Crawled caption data

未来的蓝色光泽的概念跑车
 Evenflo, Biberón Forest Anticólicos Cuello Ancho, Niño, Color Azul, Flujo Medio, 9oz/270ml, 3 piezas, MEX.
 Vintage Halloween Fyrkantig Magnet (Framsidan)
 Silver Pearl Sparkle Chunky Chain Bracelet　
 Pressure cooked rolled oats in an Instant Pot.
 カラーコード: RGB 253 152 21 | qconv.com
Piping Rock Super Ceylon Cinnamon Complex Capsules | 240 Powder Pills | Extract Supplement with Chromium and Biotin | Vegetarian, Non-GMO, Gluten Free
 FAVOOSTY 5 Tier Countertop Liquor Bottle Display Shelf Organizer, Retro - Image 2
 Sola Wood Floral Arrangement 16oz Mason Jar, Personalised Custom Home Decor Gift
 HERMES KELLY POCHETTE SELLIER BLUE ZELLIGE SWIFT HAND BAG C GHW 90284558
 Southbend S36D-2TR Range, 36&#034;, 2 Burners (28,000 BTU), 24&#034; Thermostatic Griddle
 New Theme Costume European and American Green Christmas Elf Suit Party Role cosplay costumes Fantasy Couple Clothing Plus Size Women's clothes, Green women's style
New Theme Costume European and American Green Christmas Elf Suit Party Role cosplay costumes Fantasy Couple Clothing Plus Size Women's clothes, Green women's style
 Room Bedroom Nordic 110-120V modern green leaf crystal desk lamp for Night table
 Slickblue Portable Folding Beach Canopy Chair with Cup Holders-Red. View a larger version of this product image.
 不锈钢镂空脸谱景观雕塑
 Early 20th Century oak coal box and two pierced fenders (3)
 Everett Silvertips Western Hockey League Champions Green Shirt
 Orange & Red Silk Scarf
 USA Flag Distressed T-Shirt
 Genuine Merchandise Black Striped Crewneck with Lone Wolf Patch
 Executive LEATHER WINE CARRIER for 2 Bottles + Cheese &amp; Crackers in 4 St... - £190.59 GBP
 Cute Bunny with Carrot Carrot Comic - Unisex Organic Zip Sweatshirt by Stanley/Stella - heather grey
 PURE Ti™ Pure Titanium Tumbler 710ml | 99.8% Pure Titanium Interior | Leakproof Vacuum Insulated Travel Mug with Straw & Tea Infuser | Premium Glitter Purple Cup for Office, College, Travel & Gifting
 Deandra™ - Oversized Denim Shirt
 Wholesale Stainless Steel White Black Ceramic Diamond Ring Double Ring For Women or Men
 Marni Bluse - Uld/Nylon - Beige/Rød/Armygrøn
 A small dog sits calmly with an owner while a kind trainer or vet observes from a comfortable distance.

■ INSTRUCTIONS TO FOLLOW:
The line containing "Cute Bunny with" and all lines after it, through the last line of the data, should be retyped exactly.

■ REPLY:
 Cute Bunny with Carrot Carrot Comic - Unisex Organic Zip Sweatshirt by Stanley/Stella - heather grey
 PURE Ti™ Pure Titanium Tumbler 710ml | 99.8% Pure Titanium Interior | Leakproof Vacuum Insulated Travel Mug with Straw & Tea Infuser | Premium Glitter Purple Cup for Office, College, Travel & Gifting
 Deandra™ - Oversized Denim Shirt
 Wholesale Stainless Steel White Black Ceramic Diamond Ring Double Ring For Women or Men
 Marni Bluse - Uld/Nylon - Beige/Rød/Armygrøn
 A small dog sits calmly with an owner while a kind trainer or vet observes from a comfortable distance.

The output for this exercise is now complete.